= ASSIGNMENT =
With the pictures left aside, write out exactly the lines of the listing below from the line with "NWT CALVIN KLEIN" to the line with "Manufacturing Projects already", both included, and only those.

= INFORMATION SHOWN =

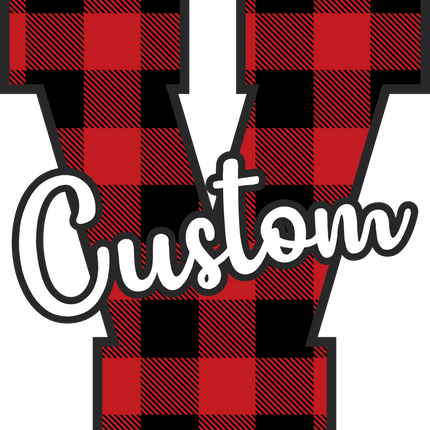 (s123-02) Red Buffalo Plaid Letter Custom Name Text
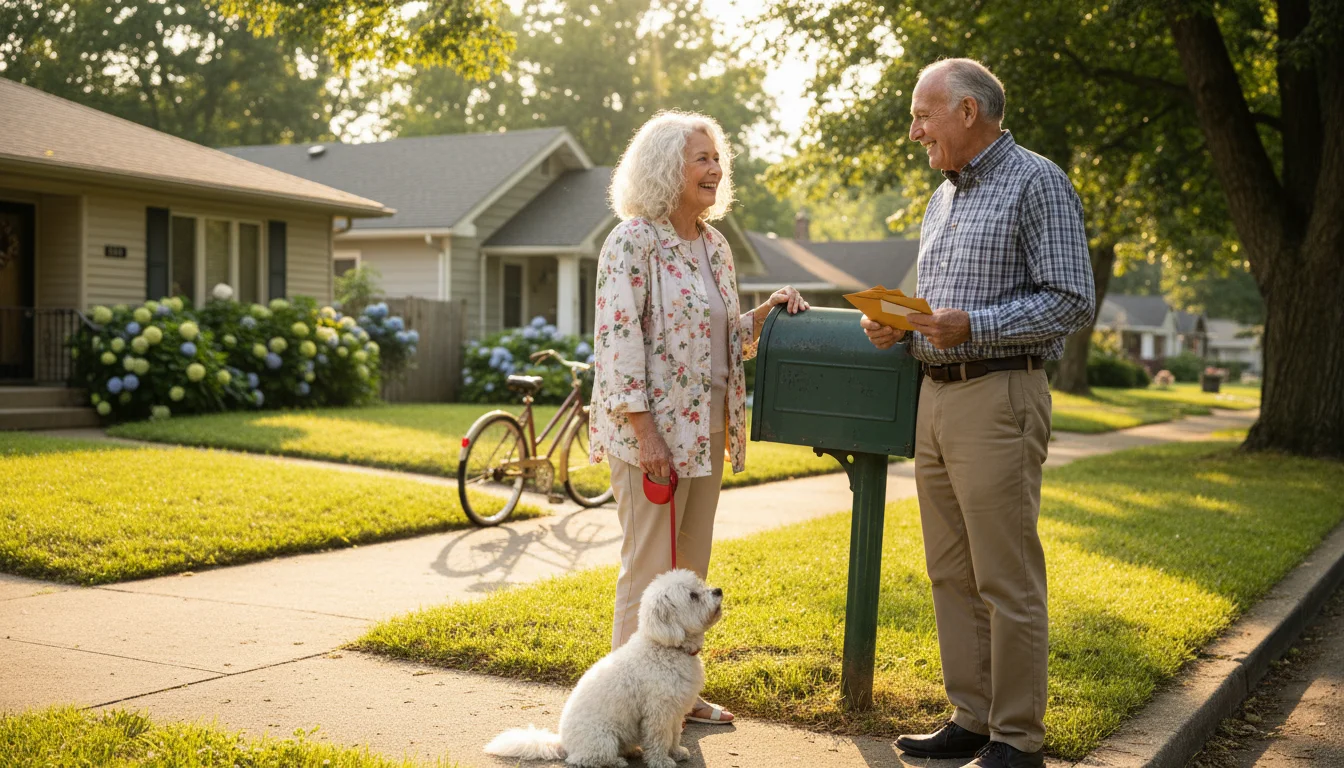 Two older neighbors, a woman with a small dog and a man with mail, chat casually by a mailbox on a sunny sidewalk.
--
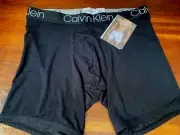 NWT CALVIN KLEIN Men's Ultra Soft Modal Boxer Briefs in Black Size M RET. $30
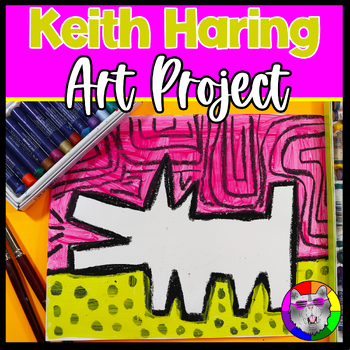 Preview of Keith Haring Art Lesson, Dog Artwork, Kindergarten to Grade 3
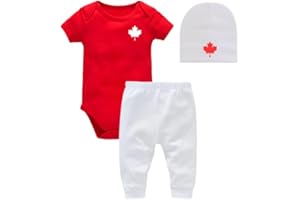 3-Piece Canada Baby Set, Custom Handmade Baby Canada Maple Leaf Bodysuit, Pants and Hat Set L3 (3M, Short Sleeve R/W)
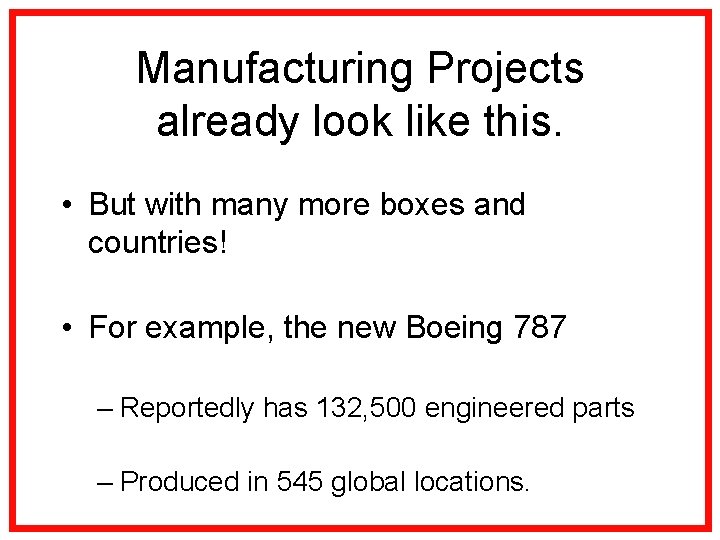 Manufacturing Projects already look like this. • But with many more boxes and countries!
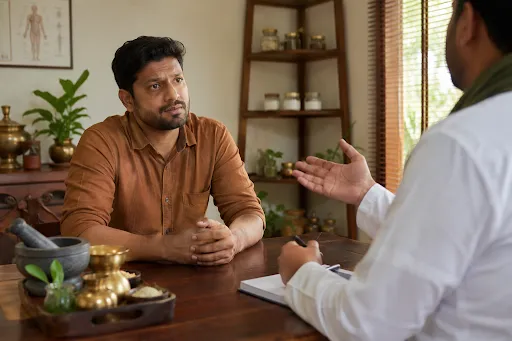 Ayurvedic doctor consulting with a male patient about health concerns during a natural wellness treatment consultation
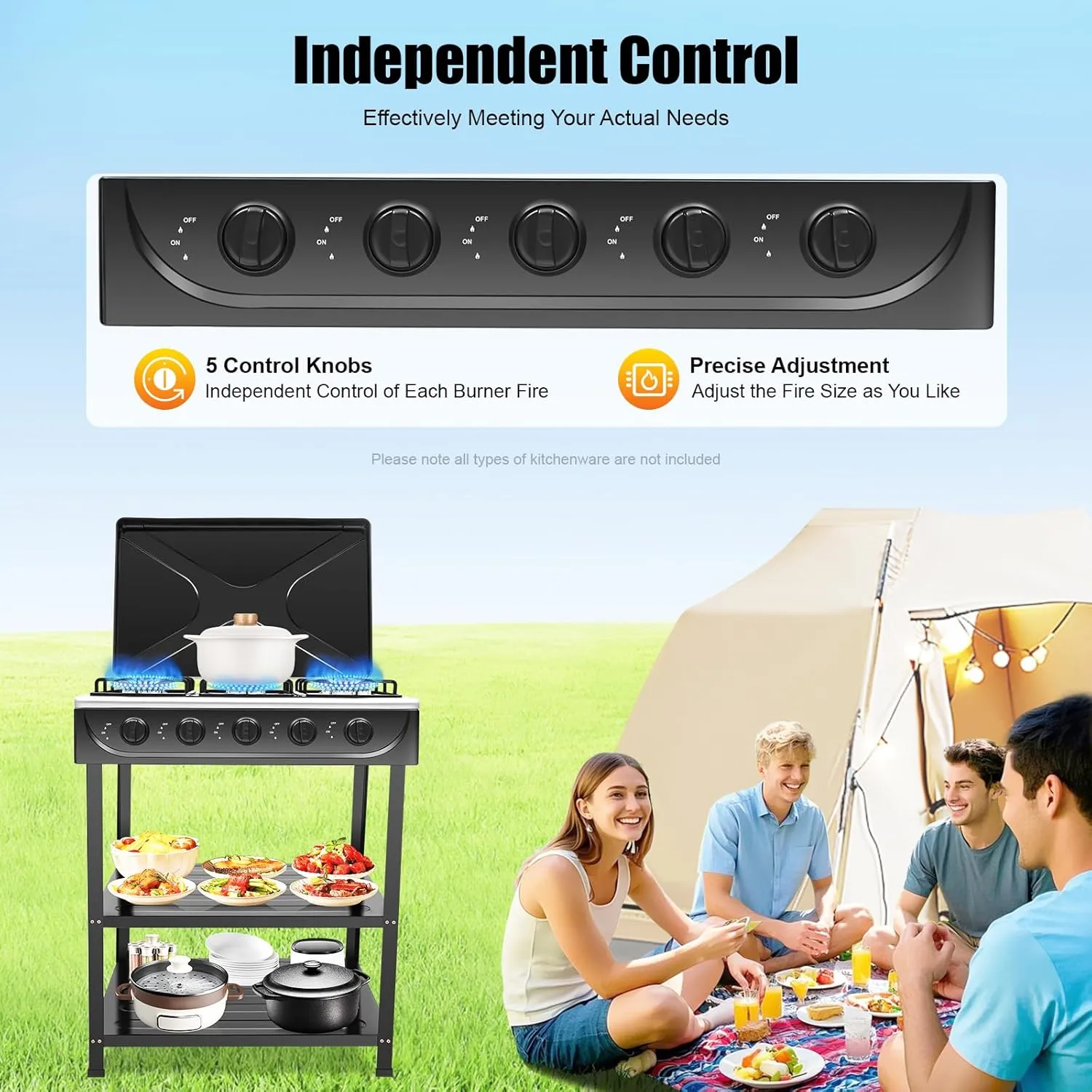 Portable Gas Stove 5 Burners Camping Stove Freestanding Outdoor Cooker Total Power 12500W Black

= RESULT OF THE EXERCISE =
 NWT CALVIN KLEIN Men's Ultra Soft Modal Boxer Briefs in Black Size M RET. $30
 Preview of Keith Haring Art Lesson, Dog Artwork, Kindergarten to Grade 3
 3-Piece Canada Baby Set, Custom Handmade Baby Canada Maple Leaf Bodysuit, Pants and Hat Set L3 (3M, Short Sleeve R/W)
 Manufacturing Projects already look like this. • But with many more boxes and countries!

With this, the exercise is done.